In describing how to do this, HP focused on the details and prowess of their portfolio. They provided an abundance of technical specifications about a very nice collection of well thought-out tools. They did have some customers briefly describe their success with HP products. While interesting and important, most customers are more interested in the specifics of ‘navigation’, not ‘speeds ‘n feeds’. HP failed to discuss how they help customers prioritize, plan for, acquire, implement and use New IT. 

HP clearly understands significant changes are occurring in decision making. They gave a good description of the new “Millennial” consumer/decision-maker. However, they gave no indication of how they will attract them. Customers are left to figure out for themselves what to do with HP’s tools. Without programs to attract those millennials, HP suffers in comparison to its competition.

For example, for one vendor, Next Generation IT means extending IT’s impact into every business function. Each product release has innovation to achieve that. Another vendor recognized customers got more benefit quicker as product familiarity increased. They focus on providing easier, broader access to solution suites, including free on-line trials, ‘try and buy’, increased customer collaboration in design and development[3], etc.
We did enjoy the demo area, Project Moonshot is HP’s high-density, high efficiency, and low footprint rack-sized appliance to manage and deliver multitudes of software-defined servers. Our interest was piqued by HP HAVEn, a Big Data management and analysis platform that leverages other products (Vertica, Autonomy) to collect, index and query data in multiple forms and formats.

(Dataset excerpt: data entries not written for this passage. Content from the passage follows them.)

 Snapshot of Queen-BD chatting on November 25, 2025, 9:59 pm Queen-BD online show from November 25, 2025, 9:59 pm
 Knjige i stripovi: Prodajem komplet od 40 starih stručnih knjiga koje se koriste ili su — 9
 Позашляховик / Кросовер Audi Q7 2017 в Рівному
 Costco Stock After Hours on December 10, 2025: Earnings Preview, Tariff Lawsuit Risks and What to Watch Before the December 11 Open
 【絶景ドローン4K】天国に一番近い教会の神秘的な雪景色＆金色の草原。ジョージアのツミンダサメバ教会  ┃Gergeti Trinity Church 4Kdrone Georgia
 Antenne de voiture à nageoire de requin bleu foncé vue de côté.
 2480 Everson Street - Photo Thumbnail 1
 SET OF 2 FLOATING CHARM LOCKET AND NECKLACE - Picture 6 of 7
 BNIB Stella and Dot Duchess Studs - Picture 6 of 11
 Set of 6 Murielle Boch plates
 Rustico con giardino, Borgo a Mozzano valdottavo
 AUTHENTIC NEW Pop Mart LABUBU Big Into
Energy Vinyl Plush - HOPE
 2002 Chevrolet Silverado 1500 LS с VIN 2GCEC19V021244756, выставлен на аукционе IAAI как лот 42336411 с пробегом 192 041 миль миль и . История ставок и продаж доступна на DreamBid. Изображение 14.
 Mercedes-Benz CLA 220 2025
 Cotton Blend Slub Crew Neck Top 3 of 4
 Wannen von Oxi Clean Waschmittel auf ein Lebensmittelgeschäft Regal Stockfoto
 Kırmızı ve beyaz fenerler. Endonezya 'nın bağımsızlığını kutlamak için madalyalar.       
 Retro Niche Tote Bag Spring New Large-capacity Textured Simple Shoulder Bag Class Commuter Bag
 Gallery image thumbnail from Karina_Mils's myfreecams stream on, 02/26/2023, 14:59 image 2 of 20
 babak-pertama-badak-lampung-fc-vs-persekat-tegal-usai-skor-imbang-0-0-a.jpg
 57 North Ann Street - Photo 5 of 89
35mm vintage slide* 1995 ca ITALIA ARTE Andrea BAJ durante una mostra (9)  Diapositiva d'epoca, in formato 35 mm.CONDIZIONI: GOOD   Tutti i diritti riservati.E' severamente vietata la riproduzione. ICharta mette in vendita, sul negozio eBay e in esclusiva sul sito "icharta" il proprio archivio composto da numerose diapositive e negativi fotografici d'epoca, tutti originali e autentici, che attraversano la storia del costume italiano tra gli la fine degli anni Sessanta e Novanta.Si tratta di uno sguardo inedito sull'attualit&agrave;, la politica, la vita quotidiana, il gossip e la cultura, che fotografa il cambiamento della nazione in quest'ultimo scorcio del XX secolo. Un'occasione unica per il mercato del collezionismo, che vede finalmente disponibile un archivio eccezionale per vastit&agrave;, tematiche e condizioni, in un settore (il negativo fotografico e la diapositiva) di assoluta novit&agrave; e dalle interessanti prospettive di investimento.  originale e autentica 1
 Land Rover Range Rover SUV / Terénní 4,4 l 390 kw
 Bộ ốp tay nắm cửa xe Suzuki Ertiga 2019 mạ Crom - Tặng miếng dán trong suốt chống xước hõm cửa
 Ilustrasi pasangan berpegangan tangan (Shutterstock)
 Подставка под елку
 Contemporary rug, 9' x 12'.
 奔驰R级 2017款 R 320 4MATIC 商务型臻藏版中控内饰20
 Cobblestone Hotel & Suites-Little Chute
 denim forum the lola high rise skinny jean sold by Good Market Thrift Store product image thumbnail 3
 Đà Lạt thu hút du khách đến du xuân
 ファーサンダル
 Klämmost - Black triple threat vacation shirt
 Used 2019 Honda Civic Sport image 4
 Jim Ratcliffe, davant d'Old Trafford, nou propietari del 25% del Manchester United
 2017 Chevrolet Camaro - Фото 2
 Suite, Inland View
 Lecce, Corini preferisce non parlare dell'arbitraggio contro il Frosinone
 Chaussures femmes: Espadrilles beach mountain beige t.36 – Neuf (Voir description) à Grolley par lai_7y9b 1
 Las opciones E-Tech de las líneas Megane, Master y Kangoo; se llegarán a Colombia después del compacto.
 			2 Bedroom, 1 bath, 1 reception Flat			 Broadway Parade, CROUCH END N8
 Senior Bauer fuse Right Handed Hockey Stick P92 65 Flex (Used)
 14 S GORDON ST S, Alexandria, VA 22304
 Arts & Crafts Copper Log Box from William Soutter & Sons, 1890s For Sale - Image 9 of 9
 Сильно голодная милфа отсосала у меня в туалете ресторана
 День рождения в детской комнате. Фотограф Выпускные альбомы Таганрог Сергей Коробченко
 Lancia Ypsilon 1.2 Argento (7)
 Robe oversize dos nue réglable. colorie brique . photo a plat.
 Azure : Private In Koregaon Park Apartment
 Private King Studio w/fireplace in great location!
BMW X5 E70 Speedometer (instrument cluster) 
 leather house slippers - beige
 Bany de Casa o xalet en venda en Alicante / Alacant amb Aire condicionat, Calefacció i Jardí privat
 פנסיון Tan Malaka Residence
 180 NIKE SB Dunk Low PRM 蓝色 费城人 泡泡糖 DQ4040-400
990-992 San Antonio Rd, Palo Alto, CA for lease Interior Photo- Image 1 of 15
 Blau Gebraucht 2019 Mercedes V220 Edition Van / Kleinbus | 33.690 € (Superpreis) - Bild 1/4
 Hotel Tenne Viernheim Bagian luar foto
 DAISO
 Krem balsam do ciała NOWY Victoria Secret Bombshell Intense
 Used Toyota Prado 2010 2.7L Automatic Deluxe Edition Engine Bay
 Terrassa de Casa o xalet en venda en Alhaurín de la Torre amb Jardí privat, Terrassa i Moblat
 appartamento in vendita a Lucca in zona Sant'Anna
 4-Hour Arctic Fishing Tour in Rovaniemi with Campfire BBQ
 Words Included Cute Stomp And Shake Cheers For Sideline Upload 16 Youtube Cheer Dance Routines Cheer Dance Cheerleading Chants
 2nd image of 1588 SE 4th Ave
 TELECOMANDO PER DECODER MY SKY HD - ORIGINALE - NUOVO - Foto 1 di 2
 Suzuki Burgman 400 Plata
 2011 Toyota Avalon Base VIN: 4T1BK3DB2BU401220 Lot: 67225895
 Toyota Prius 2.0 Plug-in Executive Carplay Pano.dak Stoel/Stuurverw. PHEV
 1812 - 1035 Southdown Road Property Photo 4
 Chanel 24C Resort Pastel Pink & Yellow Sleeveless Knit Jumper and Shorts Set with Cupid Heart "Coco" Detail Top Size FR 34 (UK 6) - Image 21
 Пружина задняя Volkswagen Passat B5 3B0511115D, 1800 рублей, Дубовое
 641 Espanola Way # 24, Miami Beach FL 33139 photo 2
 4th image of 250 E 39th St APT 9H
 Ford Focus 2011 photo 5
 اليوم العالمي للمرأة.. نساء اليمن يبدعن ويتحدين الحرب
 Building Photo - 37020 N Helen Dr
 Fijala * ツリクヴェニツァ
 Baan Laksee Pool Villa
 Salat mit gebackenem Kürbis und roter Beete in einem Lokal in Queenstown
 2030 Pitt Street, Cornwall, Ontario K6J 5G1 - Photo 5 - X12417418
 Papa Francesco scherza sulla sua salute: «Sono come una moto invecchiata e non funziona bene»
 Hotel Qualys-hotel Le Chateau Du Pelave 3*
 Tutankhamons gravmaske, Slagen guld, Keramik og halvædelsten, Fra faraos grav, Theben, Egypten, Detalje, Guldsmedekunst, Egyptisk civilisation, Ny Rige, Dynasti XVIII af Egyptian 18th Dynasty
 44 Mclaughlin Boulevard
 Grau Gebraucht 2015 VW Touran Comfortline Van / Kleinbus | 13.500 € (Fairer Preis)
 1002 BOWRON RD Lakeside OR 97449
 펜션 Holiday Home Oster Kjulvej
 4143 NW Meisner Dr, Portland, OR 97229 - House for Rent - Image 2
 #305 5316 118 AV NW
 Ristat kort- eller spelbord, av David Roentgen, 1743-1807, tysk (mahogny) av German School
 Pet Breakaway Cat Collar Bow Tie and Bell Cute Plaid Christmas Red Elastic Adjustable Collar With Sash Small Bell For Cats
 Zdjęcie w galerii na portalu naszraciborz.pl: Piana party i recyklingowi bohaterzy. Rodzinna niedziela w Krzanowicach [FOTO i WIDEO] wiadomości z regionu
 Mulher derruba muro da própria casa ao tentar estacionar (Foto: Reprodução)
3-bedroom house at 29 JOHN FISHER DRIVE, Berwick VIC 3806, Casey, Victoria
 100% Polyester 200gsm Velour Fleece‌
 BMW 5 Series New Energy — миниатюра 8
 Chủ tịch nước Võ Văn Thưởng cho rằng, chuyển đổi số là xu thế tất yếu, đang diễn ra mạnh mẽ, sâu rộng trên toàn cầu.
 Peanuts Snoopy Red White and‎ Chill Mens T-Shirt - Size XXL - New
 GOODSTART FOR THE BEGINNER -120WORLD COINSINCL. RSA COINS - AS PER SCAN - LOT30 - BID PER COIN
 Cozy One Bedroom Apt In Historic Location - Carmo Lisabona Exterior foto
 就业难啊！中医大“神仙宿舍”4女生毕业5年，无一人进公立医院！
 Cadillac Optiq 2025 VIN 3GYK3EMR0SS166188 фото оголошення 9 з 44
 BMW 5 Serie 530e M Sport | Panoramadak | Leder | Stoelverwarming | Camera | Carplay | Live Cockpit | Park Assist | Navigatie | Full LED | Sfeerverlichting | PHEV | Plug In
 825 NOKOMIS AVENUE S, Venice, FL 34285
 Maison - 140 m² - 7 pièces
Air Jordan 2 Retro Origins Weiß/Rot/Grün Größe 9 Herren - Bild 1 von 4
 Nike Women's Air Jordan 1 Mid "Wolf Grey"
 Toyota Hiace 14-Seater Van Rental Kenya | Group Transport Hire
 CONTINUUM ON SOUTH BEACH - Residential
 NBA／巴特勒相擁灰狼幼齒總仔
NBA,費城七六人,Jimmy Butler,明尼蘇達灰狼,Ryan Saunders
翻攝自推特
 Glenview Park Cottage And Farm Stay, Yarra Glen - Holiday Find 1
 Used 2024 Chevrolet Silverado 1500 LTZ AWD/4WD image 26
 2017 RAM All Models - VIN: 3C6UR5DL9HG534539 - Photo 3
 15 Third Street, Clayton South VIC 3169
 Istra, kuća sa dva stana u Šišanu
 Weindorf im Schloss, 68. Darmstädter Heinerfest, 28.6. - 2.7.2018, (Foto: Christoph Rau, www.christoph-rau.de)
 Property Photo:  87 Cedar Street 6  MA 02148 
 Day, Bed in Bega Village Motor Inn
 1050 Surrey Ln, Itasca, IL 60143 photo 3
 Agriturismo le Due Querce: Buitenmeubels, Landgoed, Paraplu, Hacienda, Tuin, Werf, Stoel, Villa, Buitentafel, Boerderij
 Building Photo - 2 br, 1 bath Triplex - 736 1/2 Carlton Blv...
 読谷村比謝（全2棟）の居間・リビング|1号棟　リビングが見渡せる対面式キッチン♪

This is clearly a new HP, however….

HP is clearly improving. Their products are technologically sound, some industry leading. The product details and long-range R&D efforts were interesting. If we weren’t in the midst of an ‘inflexion point’ with an uncertain economy, this approach may have been adequate. Unfortunately, as things stand today, HP’s presentations fell short of what is needed. Customers need guidance and structure on how to maximize their return from technology. HP revealed no plans to do that.

HP sees itself, but did not present itself as an integrated company. Products were covered in isolated silos. Neither business nor IT operates that way today. HP’s differentiation from competitors was never made clear. They failed to say how they are uniquely able to help customers be more effective at using HP solutions to solve their problems.

IT vendors are notoriously inept at marketing. The consumerization of IT was supposed to change that. Demonstrating how a vendor is making it easier for customers to continually get more value from IT is more persuasive than chest-beating. HP has a story for solution-focused customers interested in immediate benefit; they just need to tell it. Until then, they will get less attention than they deserve.